## Data excerpt
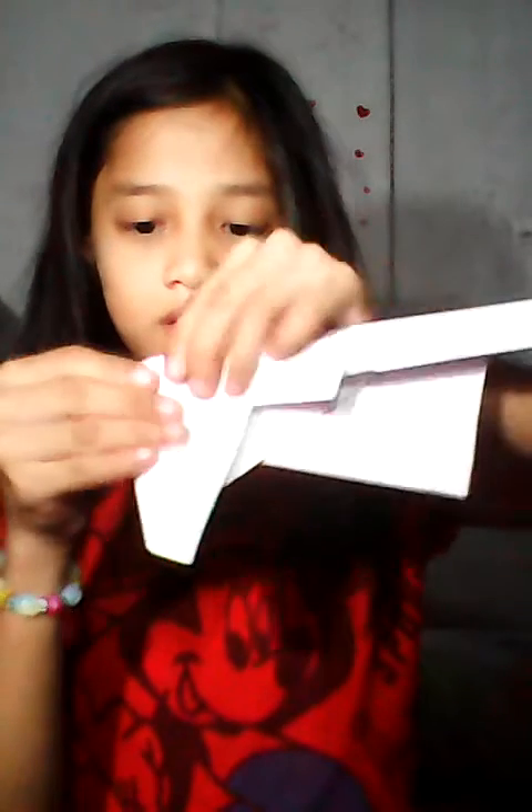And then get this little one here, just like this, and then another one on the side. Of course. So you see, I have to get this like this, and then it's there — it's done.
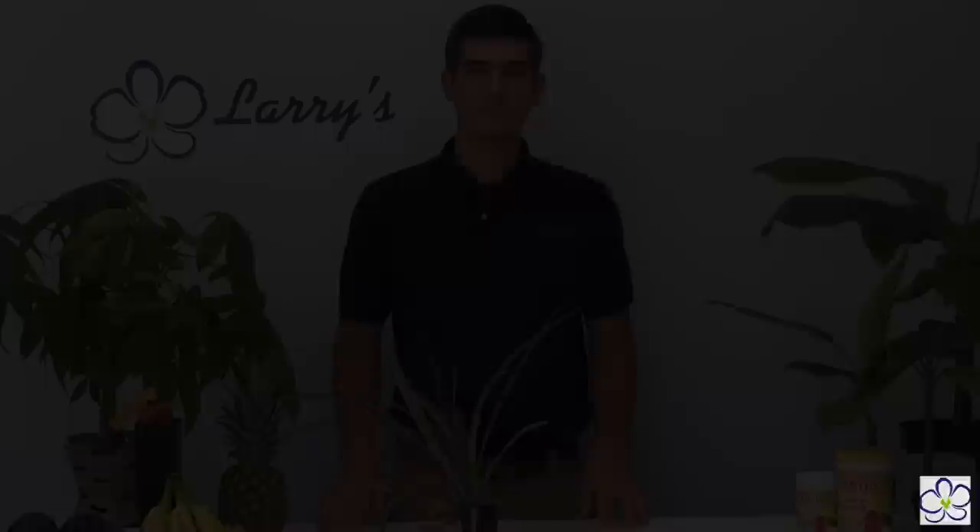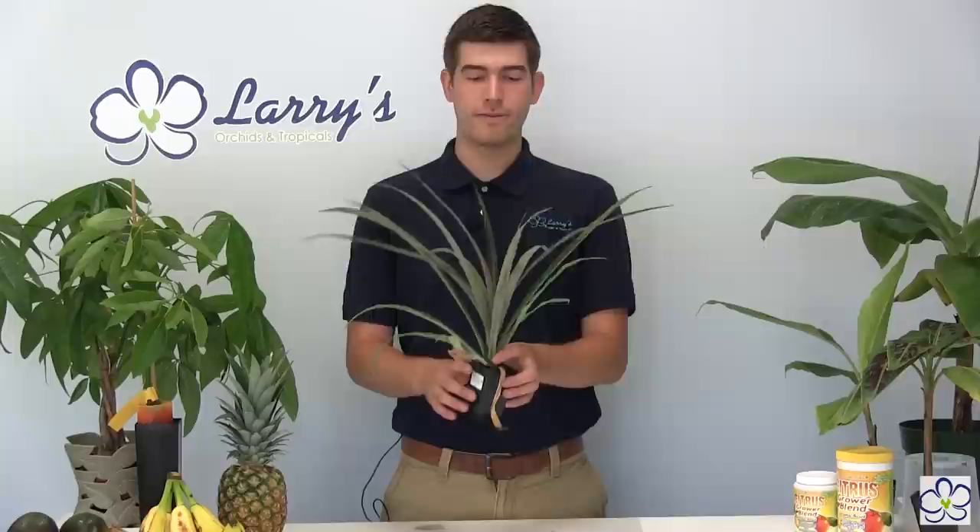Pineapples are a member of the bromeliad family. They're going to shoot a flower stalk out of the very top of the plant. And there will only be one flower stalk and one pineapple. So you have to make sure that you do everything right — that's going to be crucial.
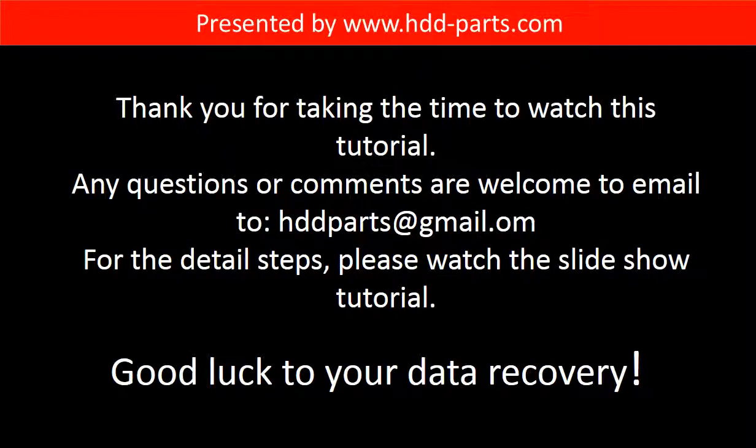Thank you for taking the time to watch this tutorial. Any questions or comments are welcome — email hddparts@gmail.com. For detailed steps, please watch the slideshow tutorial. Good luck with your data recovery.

## Exercise
Each line from the one with "Pineapples are a" to the end of the material needs to be output word for word, with no picture included.

## Exercise answer
Pineapples are a member of the bromeliad family. They're going to shoot a flower stalk out of the very top of the plant. And there will only be one flower stalk and one pineapple. So you have to make sure that you do everything right — that's going to be crucial.
Thank you for taking the time to watch this tutorial. Any questions or comments are welcome — email hddparts@gmail.com. For detailed steps, please watch the slideshow tutorial. Good luck with your data recovery.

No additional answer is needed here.